Thursday, October 21, 2010

After The Rains

It has been gray for 6 days now and rainy for the last 3 (OK, drizzly 2 days, rainy with lightning 1 day). All told, 2 and 3/4" of rain. This seems to have built up quite the appetite on the hummers. Here are a few photos: the images are clickable for larger views.
 It is not as dark out as it may seem, but it was gray and a little drizzly so I used the flash to get sharper pics.
 This was, by a good measure, the most activity at a feeder I have seen at my yard. For some reason, this was the hot feeder this morning! This shot has 21 birds, I am pretty sure.

This photo is the dead ceanothus (Ramona Lilac) bush that is a favorite landing spot for the hummers (and orioles, when it is that season). I counted over 20 birds waiting for their turn at the feeders.

Sunday, October 17, 2010

Gray Sunday

Last week was in the 90s, today was 60 and wet. The weekend (actually, since Friday) has been gray and on and off drizzly.A good indication that this is just fog-marine layer is this capture from UCSD High-Performance Wireless Research and Education Network
at around 5 PM taken from North Peak at around 5700 feet looking west.

Hummingbirds are not bothered by this weather and are buzzing around like crazy.

Sunday, October 10, 2010

Summer in October

It's October 10th, 2010 or as some have said - 10 10 10, earlier this day was 10h:10m:10s. Such a binary occasion, what could it all mean? Seems to mean "it is going to be hot today!' 92 degrees by 2 o'clock.

Old Guy hummer report: possible sighting - old guy behavior for sure, with a twist. He is still guarding his favorite feeder ( but losing the battle midday to the bees). But early in the AM and later in the PM he is hanging out on a ledge created by the outside window treatments. I think it may be warmer there than elsewhere, but who knows. Also, I was not sure what was happening to his tail feathers until I got a closer look. He's molting, just as Phinny (pinhead, photo to follow) the parrot is.
Of course, they all do it, just the first time I have seen a hummer doing it. I don't know if somewhat limited flexibility is keeping him from getting the casings off quickly. The bill condition is slightly improved.

 Here's the pin head, although it will be more noticeable in a couple weeks.
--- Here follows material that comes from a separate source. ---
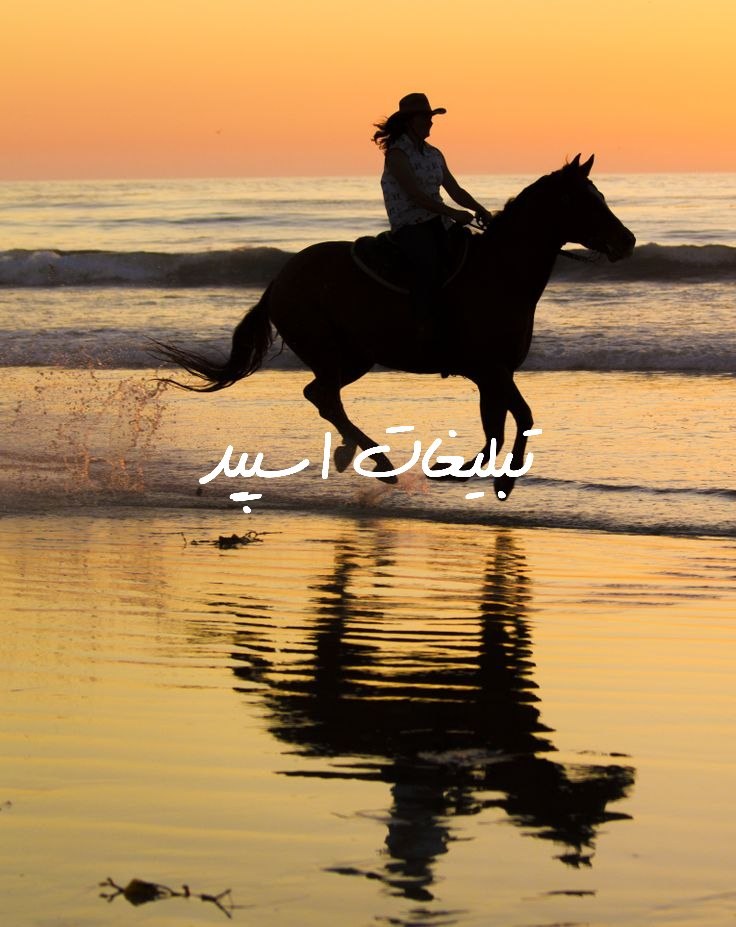 گروه تلگرام کافه ی دنج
A photo of an Anna's showing some tail to a female, she's watching but not too impressed!

Sunday, September 26, 2010

It's Hot Again

It's really hot (over 100) today and will stay that way a couple more days. It seems to be having a bit of an effect on the hummingbirds. They must be staying up in the trees more where it is cooler, there is not quite the activity around the feeders today. 
Here is a photo of a hummingbird who may or may not be the 'old guy', he has all the right moves for sure. His beak is quite gnarly and might be due to avian pox according to a couple postings online. If so, it can heal up on its own, looks worse than it really is.
Lots of bees, will be going to hardware store in search of more solutions to bee guards for feeders. Orioles are gone so there are more options to keeping out bees. 

No sign of the partially albino hummer again, watch continues.

Sunday, September 19, 2010

Orioles Are Gone

It has been a week since the last hooded oriole sighting, the last group must have returned to their winter home in Arizona or Mexico. Just about a year ago to the week was the previous end of the summer visit.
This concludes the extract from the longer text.